Seriously. It never ends. It's like I'm some sort of crazy person. I can't even imagine what people feel like when I text them, it must feel like some sort of messed up Russian Roulette. "Is this a normal text or is Chelsea asking how hard you can throw a toddler without killing it?" (I've never actually asked that because I'm not a damned monster, people) is what they all must wonder. Well, for you (the people I don't text) you need not wonder anymore. For the most part if a person gets a text from me, or starts a text conversation with me, the whole thing typically quickly disintegrates into madness and depravity.
A conversation that Liz started with me
Liz: "Discussing the merits of frog fellatio... Since frogs don't have teeth, they don't bite, maybe the clamping felt good?"
Me: "Omg! LOL sick! It makes me think of old toothless ladies turning tricks behind a gas station or something! D-:"

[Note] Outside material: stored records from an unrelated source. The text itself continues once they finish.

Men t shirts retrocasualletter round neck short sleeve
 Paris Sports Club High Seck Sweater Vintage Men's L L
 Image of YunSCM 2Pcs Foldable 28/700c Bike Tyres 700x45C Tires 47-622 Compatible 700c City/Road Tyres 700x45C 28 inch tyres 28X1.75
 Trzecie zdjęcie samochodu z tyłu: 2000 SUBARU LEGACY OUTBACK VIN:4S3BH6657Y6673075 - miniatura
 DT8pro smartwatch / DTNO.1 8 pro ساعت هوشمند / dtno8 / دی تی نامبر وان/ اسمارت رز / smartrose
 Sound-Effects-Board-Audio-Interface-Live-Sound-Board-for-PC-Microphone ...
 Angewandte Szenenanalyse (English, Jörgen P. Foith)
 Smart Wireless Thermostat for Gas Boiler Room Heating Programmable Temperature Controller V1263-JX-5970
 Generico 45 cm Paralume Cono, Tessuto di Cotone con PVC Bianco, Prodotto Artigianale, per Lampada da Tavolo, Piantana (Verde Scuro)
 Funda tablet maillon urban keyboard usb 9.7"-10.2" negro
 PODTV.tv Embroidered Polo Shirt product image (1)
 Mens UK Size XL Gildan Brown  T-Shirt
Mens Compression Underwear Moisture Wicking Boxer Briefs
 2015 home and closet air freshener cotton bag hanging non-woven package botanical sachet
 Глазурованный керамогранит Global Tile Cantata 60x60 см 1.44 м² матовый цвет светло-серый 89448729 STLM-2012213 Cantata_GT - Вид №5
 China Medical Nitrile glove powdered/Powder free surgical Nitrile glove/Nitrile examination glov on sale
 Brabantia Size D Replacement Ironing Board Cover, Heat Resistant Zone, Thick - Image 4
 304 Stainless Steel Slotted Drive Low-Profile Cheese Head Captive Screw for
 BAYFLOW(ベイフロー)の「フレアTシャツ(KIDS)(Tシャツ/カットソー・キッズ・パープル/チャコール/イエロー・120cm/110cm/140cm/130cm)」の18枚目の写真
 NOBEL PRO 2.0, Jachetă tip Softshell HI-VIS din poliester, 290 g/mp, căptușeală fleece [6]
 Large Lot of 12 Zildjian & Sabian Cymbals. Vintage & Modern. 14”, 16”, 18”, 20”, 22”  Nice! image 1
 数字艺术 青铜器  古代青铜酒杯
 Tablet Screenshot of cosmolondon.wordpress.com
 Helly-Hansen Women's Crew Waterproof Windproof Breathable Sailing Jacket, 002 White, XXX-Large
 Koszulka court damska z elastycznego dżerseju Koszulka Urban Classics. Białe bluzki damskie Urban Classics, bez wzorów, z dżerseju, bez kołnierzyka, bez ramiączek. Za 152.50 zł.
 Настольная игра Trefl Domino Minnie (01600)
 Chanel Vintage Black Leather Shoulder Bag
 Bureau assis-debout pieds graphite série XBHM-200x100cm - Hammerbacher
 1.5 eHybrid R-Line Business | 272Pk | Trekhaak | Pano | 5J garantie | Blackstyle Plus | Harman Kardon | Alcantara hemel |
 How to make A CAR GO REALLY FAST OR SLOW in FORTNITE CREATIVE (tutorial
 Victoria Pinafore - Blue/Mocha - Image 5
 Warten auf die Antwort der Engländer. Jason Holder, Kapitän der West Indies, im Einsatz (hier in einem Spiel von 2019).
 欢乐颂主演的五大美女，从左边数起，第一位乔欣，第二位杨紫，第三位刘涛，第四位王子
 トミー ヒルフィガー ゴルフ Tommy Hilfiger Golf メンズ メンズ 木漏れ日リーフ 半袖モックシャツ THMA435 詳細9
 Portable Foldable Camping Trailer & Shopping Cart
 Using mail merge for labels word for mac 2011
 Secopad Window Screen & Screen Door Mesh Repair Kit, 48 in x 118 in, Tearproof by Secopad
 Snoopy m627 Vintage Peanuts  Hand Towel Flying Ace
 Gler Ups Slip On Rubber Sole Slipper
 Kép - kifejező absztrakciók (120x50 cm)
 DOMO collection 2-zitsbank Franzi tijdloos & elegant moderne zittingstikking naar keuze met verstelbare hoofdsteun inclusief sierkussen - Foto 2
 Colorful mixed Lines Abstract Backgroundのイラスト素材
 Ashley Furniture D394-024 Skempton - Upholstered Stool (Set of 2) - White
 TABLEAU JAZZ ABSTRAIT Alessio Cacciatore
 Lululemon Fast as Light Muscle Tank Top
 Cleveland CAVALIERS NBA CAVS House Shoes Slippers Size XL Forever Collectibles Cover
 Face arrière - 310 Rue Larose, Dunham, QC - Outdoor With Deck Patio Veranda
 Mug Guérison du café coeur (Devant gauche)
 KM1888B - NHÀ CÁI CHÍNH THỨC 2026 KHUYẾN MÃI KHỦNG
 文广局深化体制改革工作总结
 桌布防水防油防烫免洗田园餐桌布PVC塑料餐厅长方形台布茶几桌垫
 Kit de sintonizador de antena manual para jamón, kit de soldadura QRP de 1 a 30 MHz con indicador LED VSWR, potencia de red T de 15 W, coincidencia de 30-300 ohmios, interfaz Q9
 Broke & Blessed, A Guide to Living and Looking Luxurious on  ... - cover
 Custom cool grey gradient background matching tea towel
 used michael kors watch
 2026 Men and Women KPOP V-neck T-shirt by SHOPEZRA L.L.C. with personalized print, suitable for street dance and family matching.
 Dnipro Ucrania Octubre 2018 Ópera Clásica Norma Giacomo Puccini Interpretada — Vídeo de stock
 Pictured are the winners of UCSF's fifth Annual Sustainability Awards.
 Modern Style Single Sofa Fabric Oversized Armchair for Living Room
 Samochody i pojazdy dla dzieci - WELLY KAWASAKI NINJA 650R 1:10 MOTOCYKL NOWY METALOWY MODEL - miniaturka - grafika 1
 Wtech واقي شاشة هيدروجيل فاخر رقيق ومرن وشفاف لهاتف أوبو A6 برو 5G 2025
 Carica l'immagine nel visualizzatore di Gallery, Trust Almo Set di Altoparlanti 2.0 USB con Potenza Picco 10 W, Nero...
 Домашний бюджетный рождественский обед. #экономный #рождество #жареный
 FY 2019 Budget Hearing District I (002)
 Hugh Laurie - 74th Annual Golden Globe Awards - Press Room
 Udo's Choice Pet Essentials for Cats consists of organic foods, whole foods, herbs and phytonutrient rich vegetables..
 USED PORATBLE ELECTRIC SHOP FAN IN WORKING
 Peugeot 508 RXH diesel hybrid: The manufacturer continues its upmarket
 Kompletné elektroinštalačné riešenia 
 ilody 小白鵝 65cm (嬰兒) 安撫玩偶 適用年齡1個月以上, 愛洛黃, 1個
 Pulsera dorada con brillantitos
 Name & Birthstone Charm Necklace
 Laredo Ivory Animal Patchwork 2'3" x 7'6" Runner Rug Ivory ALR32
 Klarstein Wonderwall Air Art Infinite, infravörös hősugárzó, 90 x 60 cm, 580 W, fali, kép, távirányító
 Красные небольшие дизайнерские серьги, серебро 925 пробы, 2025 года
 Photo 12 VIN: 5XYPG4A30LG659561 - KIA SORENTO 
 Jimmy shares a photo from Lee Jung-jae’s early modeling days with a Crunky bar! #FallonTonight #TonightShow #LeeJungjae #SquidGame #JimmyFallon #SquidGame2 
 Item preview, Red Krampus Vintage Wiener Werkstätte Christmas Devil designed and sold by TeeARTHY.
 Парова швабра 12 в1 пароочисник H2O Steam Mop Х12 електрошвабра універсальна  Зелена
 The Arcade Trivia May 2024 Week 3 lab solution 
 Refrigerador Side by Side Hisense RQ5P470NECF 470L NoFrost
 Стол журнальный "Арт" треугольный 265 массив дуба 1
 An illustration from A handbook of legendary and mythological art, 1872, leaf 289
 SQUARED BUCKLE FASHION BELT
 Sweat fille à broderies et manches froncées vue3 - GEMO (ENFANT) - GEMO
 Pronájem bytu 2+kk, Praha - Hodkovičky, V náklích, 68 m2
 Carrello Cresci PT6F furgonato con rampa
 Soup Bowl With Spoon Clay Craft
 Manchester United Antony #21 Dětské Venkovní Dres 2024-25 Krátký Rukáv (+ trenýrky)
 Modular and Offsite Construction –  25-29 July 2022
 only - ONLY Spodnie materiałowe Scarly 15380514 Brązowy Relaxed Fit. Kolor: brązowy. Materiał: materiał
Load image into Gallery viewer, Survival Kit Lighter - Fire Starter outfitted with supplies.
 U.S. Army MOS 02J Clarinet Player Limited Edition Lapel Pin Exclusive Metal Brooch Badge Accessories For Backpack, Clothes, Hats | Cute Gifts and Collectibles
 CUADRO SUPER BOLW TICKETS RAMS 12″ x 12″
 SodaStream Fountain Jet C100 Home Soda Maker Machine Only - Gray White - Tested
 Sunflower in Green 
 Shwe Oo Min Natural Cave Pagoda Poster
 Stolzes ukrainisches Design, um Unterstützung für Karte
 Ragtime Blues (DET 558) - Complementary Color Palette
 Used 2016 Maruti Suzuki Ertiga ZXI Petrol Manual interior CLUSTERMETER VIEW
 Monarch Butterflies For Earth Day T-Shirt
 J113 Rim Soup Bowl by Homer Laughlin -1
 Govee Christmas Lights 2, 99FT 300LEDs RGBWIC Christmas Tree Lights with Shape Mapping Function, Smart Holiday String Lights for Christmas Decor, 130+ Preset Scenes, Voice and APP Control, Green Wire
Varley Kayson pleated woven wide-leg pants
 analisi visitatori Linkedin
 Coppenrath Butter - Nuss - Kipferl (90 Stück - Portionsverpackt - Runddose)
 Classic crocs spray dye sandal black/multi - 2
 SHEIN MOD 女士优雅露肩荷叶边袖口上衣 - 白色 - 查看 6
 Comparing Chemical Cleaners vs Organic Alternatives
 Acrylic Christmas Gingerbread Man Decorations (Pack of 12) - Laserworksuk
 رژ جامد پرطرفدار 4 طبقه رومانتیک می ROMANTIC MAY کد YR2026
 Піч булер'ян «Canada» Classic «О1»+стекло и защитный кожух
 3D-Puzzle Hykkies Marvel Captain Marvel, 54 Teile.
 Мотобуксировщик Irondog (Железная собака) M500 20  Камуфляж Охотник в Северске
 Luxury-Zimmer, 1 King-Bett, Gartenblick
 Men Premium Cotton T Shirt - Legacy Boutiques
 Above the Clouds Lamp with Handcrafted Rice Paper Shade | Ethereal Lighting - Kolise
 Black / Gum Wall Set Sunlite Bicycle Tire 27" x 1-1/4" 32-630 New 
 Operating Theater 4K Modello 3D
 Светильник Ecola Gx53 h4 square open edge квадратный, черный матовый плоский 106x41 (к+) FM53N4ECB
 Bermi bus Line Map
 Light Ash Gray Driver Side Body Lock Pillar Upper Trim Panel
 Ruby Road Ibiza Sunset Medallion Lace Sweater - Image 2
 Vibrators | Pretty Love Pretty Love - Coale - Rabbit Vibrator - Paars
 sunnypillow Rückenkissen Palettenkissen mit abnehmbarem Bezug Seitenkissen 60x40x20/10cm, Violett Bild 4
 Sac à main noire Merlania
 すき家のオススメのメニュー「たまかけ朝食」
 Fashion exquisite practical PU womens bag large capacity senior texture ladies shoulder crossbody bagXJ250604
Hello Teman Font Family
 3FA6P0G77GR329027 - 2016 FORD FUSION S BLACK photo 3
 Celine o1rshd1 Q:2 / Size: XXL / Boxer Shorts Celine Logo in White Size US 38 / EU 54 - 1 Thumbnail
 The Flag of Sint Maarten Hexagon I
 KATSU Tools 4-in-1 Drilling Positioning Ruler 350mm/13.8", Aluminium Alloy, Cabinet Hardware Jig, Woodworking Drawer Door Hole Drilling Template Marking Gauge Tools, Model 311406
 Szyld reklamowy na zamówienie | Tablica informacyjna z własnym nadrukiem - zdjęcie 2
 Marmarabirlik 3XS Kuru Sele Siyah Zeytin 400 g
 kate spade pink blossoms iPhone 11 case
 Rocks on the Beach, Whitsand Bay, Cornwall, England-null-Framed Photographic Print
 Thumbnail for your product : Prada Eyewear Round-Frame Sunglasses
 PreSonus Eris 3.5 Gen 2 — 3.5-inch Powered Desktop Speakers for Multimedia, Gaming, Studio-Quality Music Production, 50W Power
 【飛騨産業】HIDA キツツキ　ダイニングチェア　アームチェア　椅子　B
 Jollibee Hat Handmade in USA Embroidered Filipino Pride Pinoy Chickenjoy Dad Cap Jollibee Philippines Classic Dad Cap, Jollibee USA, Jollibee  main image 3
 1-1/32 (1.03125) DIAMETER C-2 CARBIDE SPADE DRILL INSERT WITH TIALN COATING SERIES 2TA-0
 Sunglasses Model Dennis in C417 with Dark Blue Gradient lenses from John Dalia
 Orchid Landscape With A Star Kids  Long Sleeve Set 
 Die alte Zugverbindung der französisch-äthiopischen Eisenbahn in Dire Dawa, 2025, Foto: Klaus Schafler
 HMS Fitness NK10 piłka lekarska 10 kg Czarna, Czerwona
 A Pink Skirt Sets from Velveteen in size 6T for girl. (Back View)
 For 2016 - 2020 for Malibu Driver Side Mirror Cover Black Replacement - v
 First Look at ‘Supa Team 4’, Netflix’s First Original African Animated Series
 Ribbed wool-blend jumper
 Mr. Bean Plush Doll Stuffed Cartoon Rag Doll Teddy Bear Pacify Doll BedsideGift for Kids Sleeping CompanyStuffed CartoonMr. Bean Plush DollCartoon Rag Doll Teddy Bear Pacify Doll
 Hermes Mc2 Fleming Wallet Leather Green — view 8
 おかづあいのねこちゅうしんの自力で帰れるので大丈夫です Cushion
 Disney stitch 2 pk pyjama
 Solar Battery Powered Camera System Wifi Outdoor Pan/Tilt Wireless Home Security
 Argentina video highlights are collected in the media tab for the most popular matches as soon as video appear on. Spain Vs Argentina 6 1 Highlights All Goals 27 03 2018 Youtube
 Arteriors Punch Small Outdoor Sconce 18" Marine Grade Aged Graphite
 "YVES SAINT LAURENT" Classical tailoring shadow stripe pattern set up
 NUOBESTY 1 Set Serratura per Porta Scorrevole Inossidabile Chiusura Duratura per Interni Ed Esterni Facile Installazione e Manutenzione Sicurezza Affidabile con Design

Me (short time later): "Or maybe the bonobo just liked hurting and demoralizing the frog, enjoyed the feeling of power. Could primates exhibit sociopathic and abusive behavior like humans? Hmmm... an interesting thought."
****I then realized that humans are primates and felt stupid, but I didn't want to point out that I had made a horrible error so I just didn't say anything and hoped she didn't catch it... but she probably did. Damn you Liz! ...And also thank you for not pointing out I am an idiot. XOXO
Another conversation Liz started
Liz "Hey... Do you and Anthony have sex while you're preggers and showing?"
Me: "Yeah! :-D ....You creepasaurus;)"
Liz: "I was talking with a friend who is eight months and wanting it but it freaks her boy out... He says he can feel baby..."
Me: "That's bogus. What he is feeling is the cervix:) There is a membrane (many of them) between his man sausage and the baby. If he's on top then he could feel the baby move through her tummy but the solution to that is to have her on top or do it from behind. He's an idiot. His dongle is not touching the baby, the uterus or any of that crap. He is psyching himself out."
Me a short time later because I can't leave well enough alone: "If he still doesn't want to do it the fuck it, roofie his ass. Mama gets what mama wants and if mama wants hot monkey sex he should give it to her... with extra monkey. Wait. No.... now I'm thinking about bonobos. Fuck! I hate those bonobos!"
This is a conversation (starting when it began to get depraved) I had with Danielle earlier today. To set the scene, she asked me what I would study should I go back to school (ethology, which is a discipline of psychology that deals with animal behavior specifically) and was beign very wonderful and encouraging. Being who we are, we couldn't just leave it at that and soon the convo just took on a life of its own.
Danielle: "You are highly intelligent. You enjoy behavior. Might as well do what you love."
Me: "I have another love but my parents would never forgive me if hubby and I started making and selling sex tapes. Well... I don't wanna sell them. I just wanna do it all the time. But they don't pay people to stay home and get boned by their husbands all day so I'd have to pioneer the industry which sounds like entirely too much effort compared to an advanced degree in the psychology field."
Danielle: "That is one profession that will always be in demand. Webcam and pay per minute and presto. Instant employment. Yes. Psychology will in the long run be more beneficial. Easier to discuss that on family holidays."
Me: "It's true. But I don't want other people to see us nekkid. I just wanna do it and get paid for it but without the other people viewing us thing. And being paid to be watched doin' it would feel too much like prostitution which makes me sad LOL so maybe I should just start charging hubby for sex? Wait no... that is straight up hookerism. Shit. Yeah. I'll go with the psych thing lol."
Danielle: "Can it be hookerism if you're married? Couldn't it just be earning a bit more for play money? I mean it does go back into the household."
Me: "I think we may be onto something here!"
Danielle: "It would be more barter than hooking right? lmao."
Me: "Technically yeah. Like trade a BJ for an hour of child care? Hey I could live with myself LOL excellent!"
Danielle: "Lmao. That is a good trade! Might come in handy when the new one is born though it might be for a shower or an hour nap instead lol."
Me: "I would give a BJ AND a hand job for a shower, even now."
This is pulled from a text conversation I had with my Da when he was taking orders for what people wanted for Friday Family Movie and Dinner Night (really he should know better by now than to text me, it always ends weird.)
DA: "I will see. Any fries, sweet tater or regular"
ME: "ANY FRIES ARE FROM GOD."
ME: "Nuh uh. YOU'RE crazy, I'm just enthusiastic about fries."
****My Da wisely opted not to respond. If he had it may very well have developed into a conversation about bonobos, and we all know that those end with videos of hapless frogs being face-raped. My Da doesn't know about bonobos and it's probably best that way because I don't want to be the one to tell him. How awkward would that be, yo? In any event...
****And all of this is just proof that I deserve to be paid to write an advice column. My qualifications for writing an advice column will be listed and explained in detail in another post.